Harold Noben
Compositeur viscéral
Le compositeur liégeois participe avec sa création Seven Years After au coffret des 60 ans de Musiques Nouvelles. Entretien vérité avec un assembleur de couleurs sans limites, aux partitions aussi séduisantes qu’accessibles.
Il va devoir se faire au succès, Harold Noben, même si son humilité tranche avec l’air du temps. Lui qui, à huit ans déjà, se risquait à la Marche Turque sur un orgue Bontempi en plastique orange (!), s’est fait chaudement acclamer à Bozar en septembre dernier, avec son concerto Beyond, créé pour les 250 ans de l’Orchestre de la Monnaie. Mais il faudrait aussi évoquer la réussite, deux ans plus tôt, de son opéra de poche À l’extrême bord du monde. Ou ses séduisantes compositions pour l’ensemble de violoncelles Ô-Celli. Et tant d’autres œuvres où il mêle, dit-il, « énergie juvénile et maturité positive ».
Harold Noben
J’ai besoin d’exprimer ce que je ressens
et je ne désire surtout pas que l’esthétique soit un frein.
Difficile donc, en entamant la conversation avec Harold, de ne pas saluer son parcours – il n’a que 44 ans – même si celui-ci le laisse, dit-il, sur son « derrière ». On aurait pu écrire "pantois", pudeur linguistique qui aurait trahi le propos. Car Harold est d’une sincérité désarmante, à l’image de sa musique, contemporaine car actuelle, mais d’une accessibilité telle que l’on n’ose pas trop lui coller cet adjectif souvent rébarbatif.
La compo dans le sang
Il lui a en tout cas fallu beaucoup, de temps, pour se reconnaître une légitimité de compositeur, qu’il « commence seulement à accepter grâce à la confiance du public et des musiciens. Mon opéra pour la Monnaie a été libératoire. Quelque chose en moi s’est ouvert. Grâce, notamment, à la supervision bienveillante de Benoît Mernier.

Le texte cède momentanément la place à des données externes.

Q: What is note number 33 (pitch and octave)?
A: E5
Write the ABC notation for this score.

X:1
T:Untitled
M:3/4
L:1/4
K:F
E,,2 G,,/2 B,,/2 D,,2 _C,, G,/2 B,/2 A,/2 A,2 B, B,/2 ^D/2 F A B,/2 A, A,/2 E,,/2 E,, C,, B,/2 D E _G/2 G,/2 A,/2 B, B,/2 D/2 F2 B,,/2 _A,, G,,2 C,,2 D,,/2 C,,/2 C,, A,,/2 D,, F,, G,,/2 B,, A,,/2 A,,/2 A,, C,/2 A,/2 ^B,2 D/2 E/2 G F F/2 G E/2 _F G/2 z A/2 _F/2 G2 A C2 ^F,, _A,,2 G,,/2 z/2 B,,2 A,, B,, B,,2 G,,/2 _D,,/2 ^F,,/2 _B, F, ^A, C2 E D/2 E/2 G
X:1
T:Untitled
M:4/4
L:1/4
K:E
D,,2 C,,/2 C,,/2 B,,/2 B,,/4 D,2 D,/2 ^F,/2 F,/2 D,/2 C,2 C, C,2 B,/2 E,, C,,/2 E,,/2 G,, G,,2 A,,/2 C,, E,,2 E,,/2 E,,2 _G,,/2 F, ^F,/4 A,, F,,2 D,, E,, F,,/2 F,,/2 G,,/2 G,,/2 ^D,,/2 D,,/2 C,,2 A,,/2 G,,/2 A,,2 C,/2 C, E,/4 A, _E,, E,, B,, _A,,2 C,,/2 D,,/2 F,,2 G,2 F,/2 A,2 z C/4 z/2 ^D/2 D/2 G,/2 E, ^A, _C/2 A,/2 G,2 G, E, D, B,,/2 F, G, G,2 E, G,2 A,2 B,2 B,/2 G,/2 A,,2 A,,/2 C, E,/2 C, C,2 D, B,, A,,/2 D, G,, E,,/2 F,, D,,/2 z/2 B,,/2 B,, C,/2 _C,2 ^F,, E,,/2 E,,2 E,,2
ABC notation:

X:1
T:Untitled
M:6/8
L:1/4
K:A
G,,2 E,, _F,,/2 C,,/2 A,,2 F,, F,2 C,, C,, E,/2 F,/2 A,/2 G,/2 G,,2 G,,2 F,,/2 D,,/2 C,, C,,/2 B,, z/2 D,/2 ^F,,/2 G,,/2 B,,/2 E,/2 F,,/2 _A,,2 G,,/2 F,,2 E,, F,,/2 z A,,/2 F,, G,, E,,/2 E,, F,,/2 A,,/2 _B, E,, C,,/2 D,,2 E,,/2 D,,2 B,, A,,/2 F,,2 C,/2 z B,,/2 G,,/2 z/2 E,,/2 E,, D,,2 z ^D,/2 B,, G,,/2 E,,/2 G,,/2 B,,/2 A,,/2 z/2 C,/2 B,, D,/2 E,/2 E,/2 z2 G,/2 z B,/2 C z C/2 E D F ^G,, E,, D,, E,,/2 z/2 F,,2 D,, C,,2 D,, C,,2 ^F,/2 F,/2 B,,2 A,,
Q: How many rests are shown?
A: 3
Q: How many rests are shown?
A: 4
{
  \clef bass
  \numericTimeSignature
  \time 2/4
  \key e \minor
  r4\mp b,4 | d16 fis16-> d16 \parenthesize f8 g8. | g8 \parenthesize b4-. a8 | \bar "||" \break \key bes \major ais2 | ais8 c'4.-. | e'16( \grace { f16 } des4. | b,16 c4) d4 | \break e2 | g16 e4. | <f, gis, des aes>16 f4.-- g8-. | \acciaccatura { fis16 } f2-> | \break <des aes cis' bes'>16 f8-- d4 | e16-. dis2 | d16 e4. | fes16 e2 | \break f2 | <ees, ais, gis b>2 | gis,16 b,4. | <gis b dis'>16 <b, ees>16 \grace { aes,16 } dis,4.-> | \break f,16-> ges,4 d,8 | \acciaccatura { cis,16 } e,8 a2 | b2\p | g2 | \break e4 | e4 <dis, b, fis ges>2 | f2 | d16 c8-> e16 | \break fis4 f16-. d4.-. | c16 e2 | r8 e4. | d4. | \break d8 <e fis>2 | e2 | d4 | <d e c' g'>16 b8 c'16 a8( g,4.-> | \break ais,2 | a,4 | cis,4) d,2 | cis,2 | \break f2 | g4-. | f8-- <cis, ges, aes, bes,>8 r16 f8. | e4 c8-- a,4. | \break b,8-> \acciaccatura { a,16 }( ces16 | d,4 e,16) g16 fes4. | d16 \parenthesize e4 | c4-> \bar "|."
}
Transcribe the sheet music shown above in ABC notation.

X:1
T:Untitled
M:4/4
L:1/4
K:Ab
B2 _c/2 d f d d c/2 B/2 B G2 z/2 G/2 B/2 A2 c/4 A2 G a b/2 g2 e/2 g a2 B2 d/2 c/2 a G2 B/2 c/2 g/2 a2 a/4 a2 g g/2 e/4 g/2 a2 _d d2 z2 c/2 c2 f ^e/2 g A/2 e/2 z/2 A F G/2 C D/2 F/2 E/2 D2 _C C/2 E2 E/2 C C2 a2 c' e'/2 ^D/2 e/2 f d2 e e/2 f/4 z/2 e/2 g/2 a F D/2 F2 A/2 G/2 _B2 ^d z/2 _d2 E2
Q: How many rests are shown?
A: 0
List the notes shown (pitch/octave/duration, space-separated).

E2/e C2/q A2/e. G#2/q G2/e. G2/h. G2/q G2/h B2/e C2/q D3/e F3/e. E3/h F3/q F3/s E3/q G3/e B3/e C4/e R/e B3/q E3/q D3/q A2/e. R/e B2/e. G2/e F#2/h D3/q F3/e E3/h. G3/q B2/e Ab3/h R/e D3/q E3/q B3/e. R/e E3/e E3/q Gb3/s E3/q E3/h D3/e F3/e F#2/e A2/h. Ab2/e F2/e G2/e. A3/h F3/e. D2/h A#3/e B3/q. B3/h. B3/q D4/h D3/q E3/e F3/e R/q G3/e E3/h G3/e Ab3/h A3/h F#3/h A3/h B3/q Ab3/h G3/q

J’y ai synthétisé tout ce qui m’avait construit. »
Une construction menée à son rythme – « j’ai fait mon petit bonhomme de chemin plutôt tranquillement » –, même si le virus le contamina très jeune. « Mon grand-père dirigeait une chorale paroissiale et adorait l’informatique alors naissante. Il a eu le premier Commodore 64, le premier Atari. Le weekend, du haut de mes dix ans, j’essayais d’écrire quelques pièces avec son petit programme de notation musicale. Mais c’est surtout après mes études de piano au Conservatoire de Liège que je me suis mis sérieusement à la composition. »
Liberté, liberté…
Cela dit, ce n’est pas Harold qui proposera la case où ranger ses créations. Il est incapable de définir sa musique. « Certains défendent aujourd’hui la nouvelle consonance, d’autres un langage plus radical. Moi je ne me revendique de rien du tout. J’ai besoin d’exprimer ce que je ressens et je ne désire surtout pas que l’esthétique soit un frein. » D’où des couleurs qui lui sont propres, et d’autant plus riches que, en dehors du mentoring de Benoît Mernier lors de sa résidence à la Chapelle Reine Élisabeth, Harold n’a jamais eu de prof de composition. Cette absence d’enseignement plus ou moins formaté ne lui a pas toujours facilité la vie, le contraignant à relever seul les défis. « Mais cela signifie aussi une liberté totale. J’écris ce qui me correspond profondément. Je n’ai jamais eu envie d’écrire une œuvre consensuelle pour le public. D’ailleurs, je ne renie pas du tout ce qui a été fait en musique contemporaine, même expérimentale et conceptuelle. Cela me nourrit toujours. Mais ces langages ne sont pourtant pas les miens. J’ai parfois essayé, en vain, cela ne fonctionne pas bien. Par contre, cela me sert dans ma palette d’outils pour exprimer une idée. »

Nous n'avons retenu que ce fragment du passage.